**THE PROBLEM:**
Although the entries hold pictures, only their words are printed back, exactly as given.

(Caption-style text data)
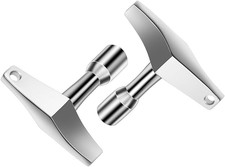 2PCS Drum Key - Drum Tuning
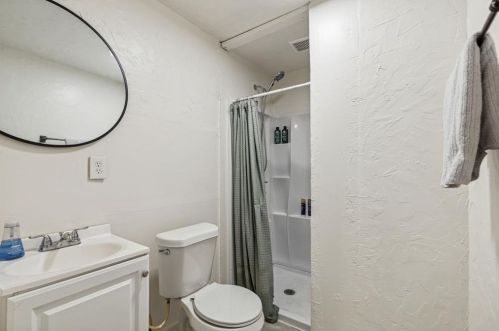 3821 Mercury St, Fort Worth TX  76111-5142 exterior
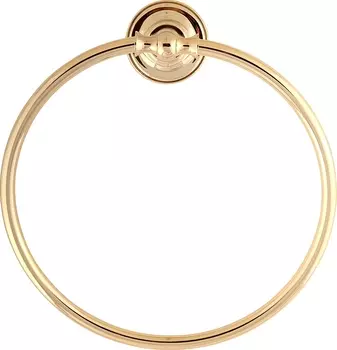 Полотенцедержатель Migliore Mirella 17322 золото /17322
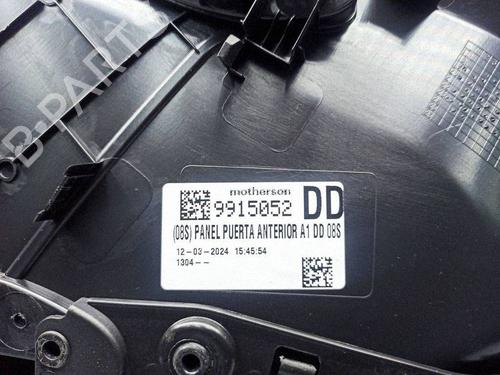 Front right panel AUDI A1 Sportback (GBA) 30 TFSI | BP40189154C59 - Image 18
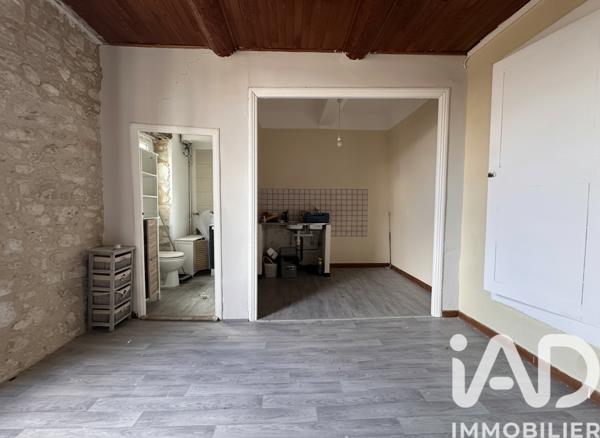 Immeuble à vendre 150 m² Reillanne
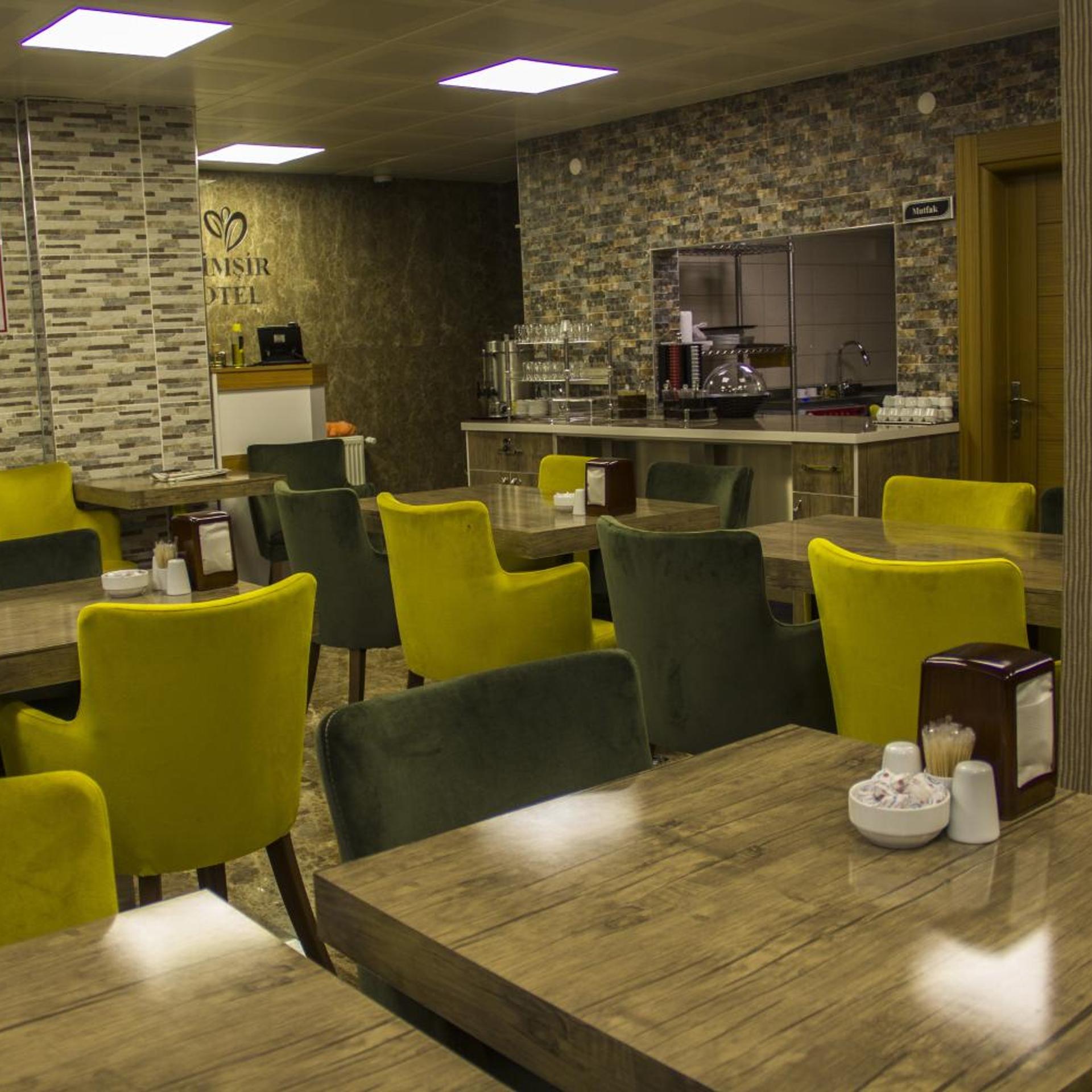 Ayder Simsir Butik Otel 31/38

**RESULT OF THE EXERCISE:**
 2PCS Drum Key - Drum Tuning
 3821 Mercury St, Fort Worth TX  76111-5142 exterior
 Полотенцедержатель Migliore Mirella 17322 золото /17322
 Front right panel AUDI A1 Sportback (GBA) 30 TFSI | BP40189154C59 - Image 18
 Immeuble à vendre 150 m² Reillanne
 Ayder Simsir Butik Otel 31/38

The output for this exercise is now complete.